Multi-wavelength and time-domain diffuse optical tomography data processing by using a material basis and Mellin-Laplace transform

In order to increase sensitivity in the depth of diffusive media and to separate chromophores with distinct spectral signatures, we developed a method to process time-domain/multi-wavelength diffuse optical acquisitions: 3D Reconstructions of chromophore concentrations are performed with an algorithm based on the use of Mellin-Laplace Transform and material basis. A noise weighted data matching term is optimized by using the conjugated gradients method without expressing the Jacobian matrix of the system.

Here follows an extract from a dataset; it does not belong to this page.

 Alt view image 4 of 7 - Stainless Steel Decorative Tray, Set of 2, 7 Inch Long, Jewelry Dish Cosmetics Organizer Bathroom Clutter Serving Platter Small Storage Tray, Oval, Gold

As the algorithm uses reference measurements on a known medium, it does not require measurements or computations of the instrument response function of the system. Validations are performed in the reflectance geometry on a tissue-mimicking phantom composed of intralipid and black ink and a cylindrical blue dye inclusion with a radius of 4mm located at 15mm in depth. The optical tomography setup includes a laser whose picosecond pulses are injected via an optical fiber to the probed diffusive medium and the light collected by two fibers (located 15mm apart from the source), is sent to a Single-Photon Avalanche Diode (SPAD) connected to a Time-Correlated Single-Photon Counting (TCSPC) board. The source and two detectors scan the surface of the medium so as to provide 30 source-detector couples, 900 time-bins and 5 wavelength signals. 3D reconstructions performed on the black ink and blue dye materials on a mesh of around 10000 nodes show that we are able to detect, localize and determine the composition of the inclusion and the background.